- **GIVEN RECORDS**
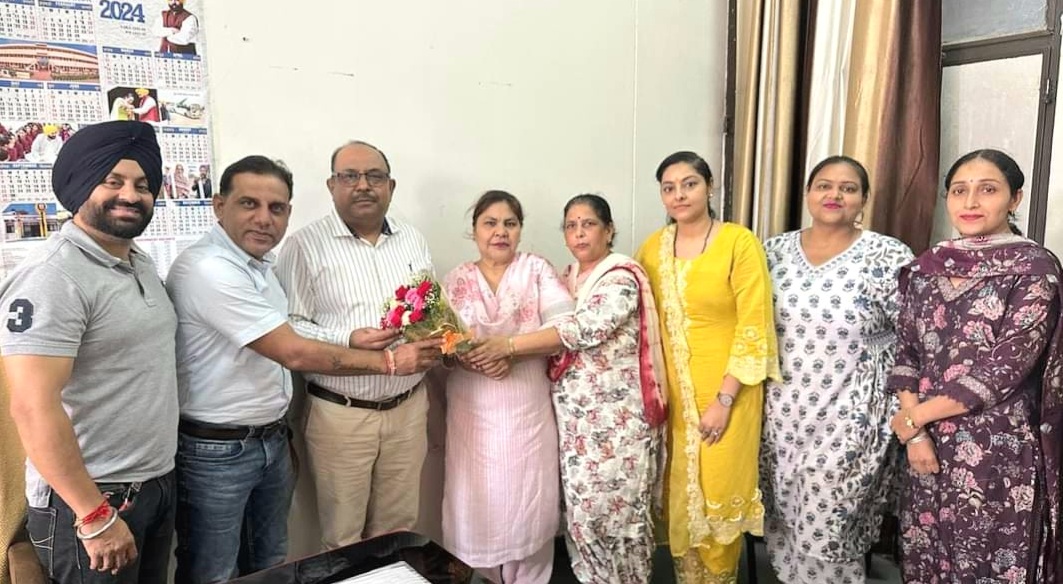 Ayurvedic and Unani Officer Dr. Pradeep Singh took over the charge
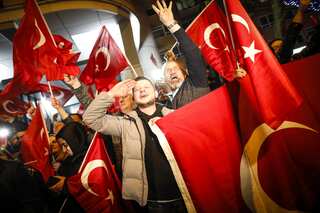 Netherlands expels Turkish minister as pro-Erdogan rally row mounts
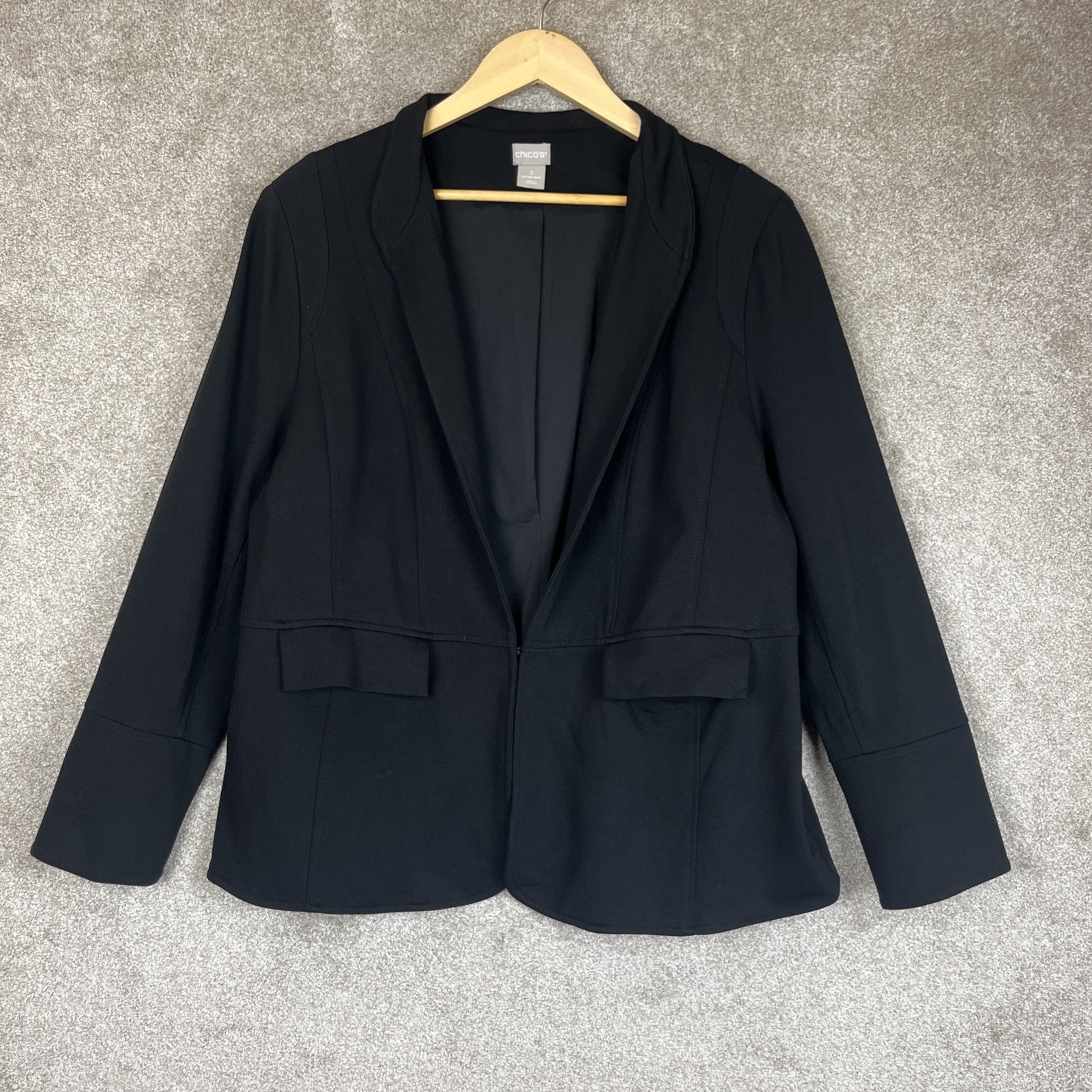 Chico’s Jacket Womens 3 Black Lined Stretch Pockets Front Hook Blazer- 4349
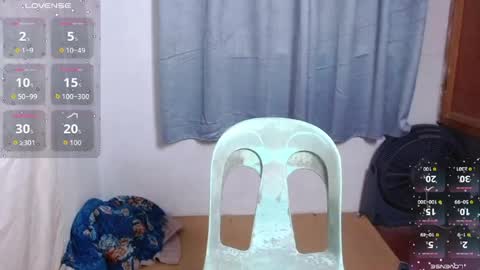 Snapshot of mabuhay_lola chatting on 05.31.26 Divina online show from 05.31.26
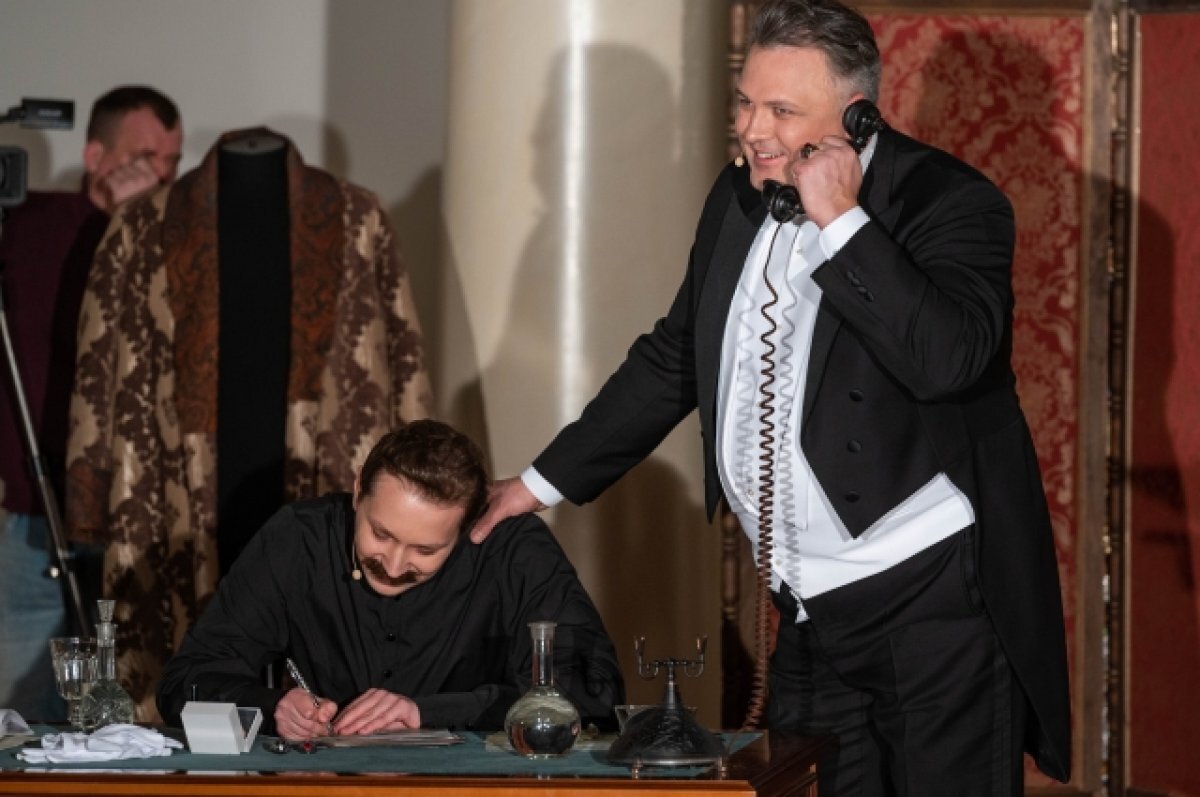    Великого певца сыграл заслуженный артист Татарстана Алексей Тихомиров. В роли Горького - артист Казанского театра им. Качалова Иван Крушин.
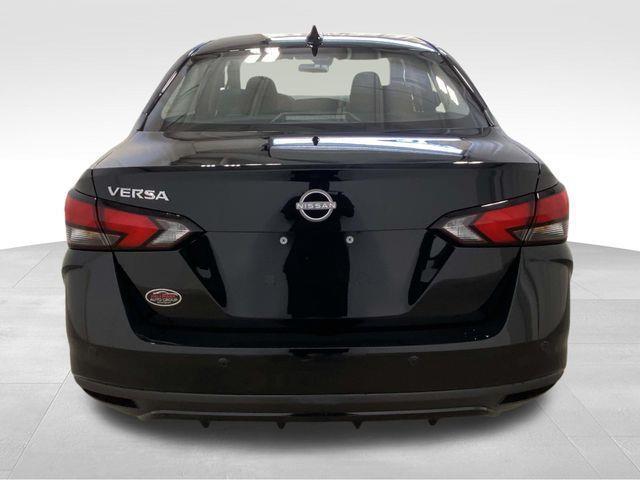 Nissan Versa  2025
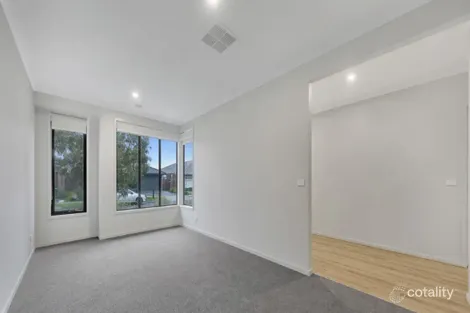 Property photo of 7 Amberfield Street Mickleham VIC 3064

- **ABOUT THIS TASK**
The listing above is to be retyped exactly, with all pictures left out.

- **ANSWER TO THE PROBLEM**
 Ayurvedic and Unani Officer Dr. Pradeep Singh took over the charge
 Netherlands expels Turkish minister as pro-Erdogan rally row mounts
 Chico’s Jacket Womens 3 Black Lined Stretch Pockets Front Hook Blazer- 4349
 Snapshot of mabuhay_lola chatting on 05.31.26 Divina online show from 05.31.26
    Великого певца сыграл заслуженный артист Татарстана Алексей Тихомиров. В роли Горького - артист Казанского театра им. Качалова Иван Крушин.
 Nissan Versa  2025
 Property photo of 7 Amberfield Street Mickleham VIC 3064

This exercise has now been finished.